Matthew Rion Dockery.

Do you have a life credo or motto? Gratitude is key. 

What’s drawn you to photography? I’ve always been really interested to watch how photographs and moving images have an effect on the human emotion. Right in front of your eyes, you can watch one’s expression, attitude and demeanor change by the simple visual presented to them, almost instantly.

Making videos about the Keys, what do you want to capture the most? Very simply, I just want to capture and share the beauty of this place and the joy it brings to those of us who have a genuine appreciation for what this place is. 

Filming Tom Flip’s Heads Up Key West, what did you learn about all of us? We’re all a bunch of crazy people and I love that so much.

What’s your next project? Ross Pipkin and I have been producing audiobooks for local author Reef Perkins that get published on audible.com and I’ve thoroughly enjoyed that experience. We have a bunch more to work on and those will be rolling out in the coming months. Also, I’ll be finishing up the documentary I’ve been working on for years with the University of Maine.
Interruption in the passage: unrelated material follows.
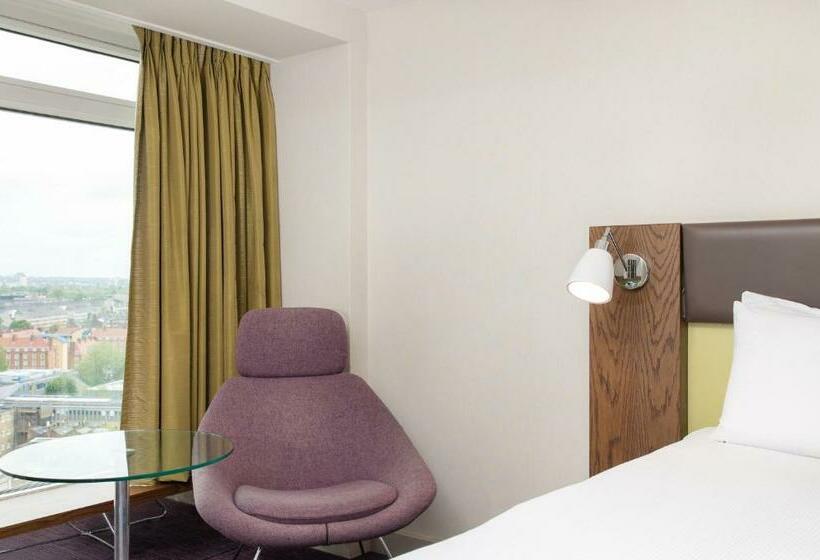 Семейный Номер Superior, Hilton London Metropole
What movies or filmmakers most influence your work? That’s a really hard question. I have a very diverse taste in movies. Some of my favorite pieces of work are from John Landis but a couple of my favorite movies were “Belly,” “Four Rooms,” “Stranger than Fiction,” and a bunch of old skateboarding videos that literally no one reading this would know. “Transworld’s Transmission 7,” for example, or “Caught Clean.” Google that wild stuff. 
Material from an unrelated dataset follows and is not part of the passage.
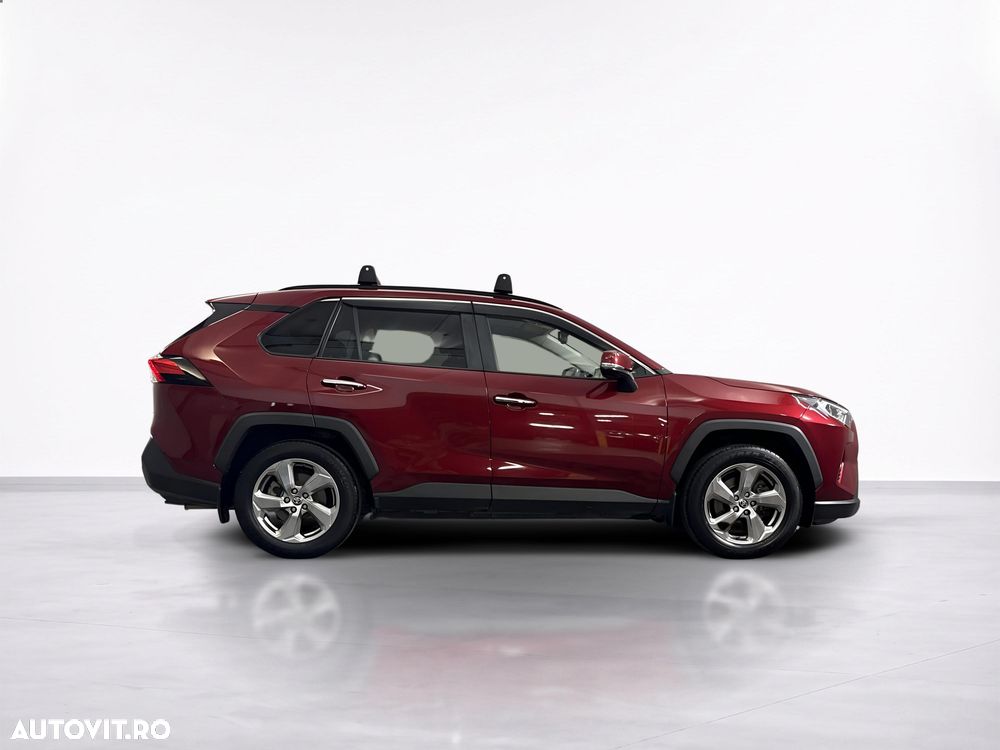 Toyota RAV4 - 7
What did you think you would grow out of but haven’t? Finding laughter and happiness through being playfully silly and goofy sometimes. I’m 34 now and I’ve been known to do some silly things even recently. I’d probably better not go into too much detail on this one.
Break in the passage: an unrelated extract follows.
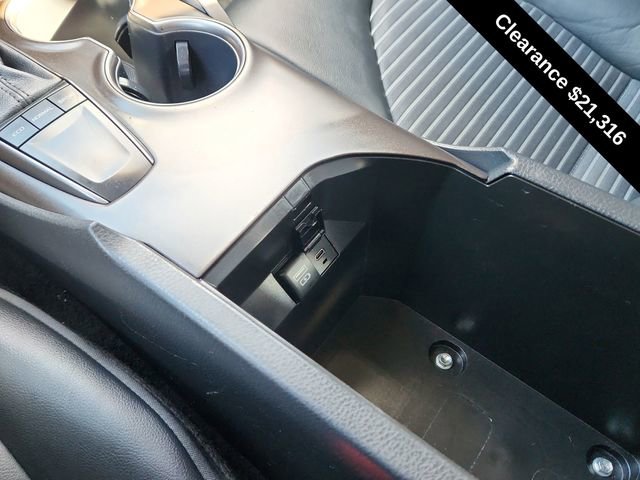 Used 2023 Toyota Camry SE image 39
Which TV, movie or superhero character is your alter ego? Anything giraffe related. 

What job would you be terrible at? Anything mundane and repetitive, or inside of a cubicle. Too much routine makes me an insane person. I’ve tried that. I was terrible at it. 

If invisible in Key West, what would you do? I was actually invisible for a long time here. Y’all just didn’t know. It sucked because I couldn’t catch a sweet tan but it also ruled because I just drank a bunch of free beer all the time.

What question can you ask to find out the most about a person? What’s your favorite color?

Favorite guilty pleasure? Belly laughing at all the snapchats my sister sends me of my baby niece. God I love her so much, but I’d never let a grown man watch me do this. 

What job would you secretly love to have? Oh I’d love to be a charter boat captain. Fishing is my religion. I guess that’s not much of a secret.

What is something you think everyone should do at least once in their lives? TRAVEL. I can’t express this enough. Doesn’t matter where, just leave your comfort zone. One of my favorite destinations out of the MANY that I’ve traveled too, was Campobello Island in Canada, right on the Bay of Fundy. I came back completely transformed from that trip.

Lunch with one famous person, whom would you choose? Bill Nye the Science Guy, or even Neil deGrasse Tyson. When I was a kid, these people were massively influential to the way I perceived the world. They presented me with many possibilities in the way I can choose to perceive this universe.

Finish these sentences:

My friends and family would describe me as … well hopefully, fun-loving, supportive, motivated, nerdy, addicted to fishing. 

My autobiography would be titled … “Boiled Peanuts.” Anyone who knows me will get this.  

I can never refuse … a good bottle (or two) of pinot noir. With friends is a huge added bonus. Wine is meant to be shared.

When I go, I will go …. when I’m damn well ready.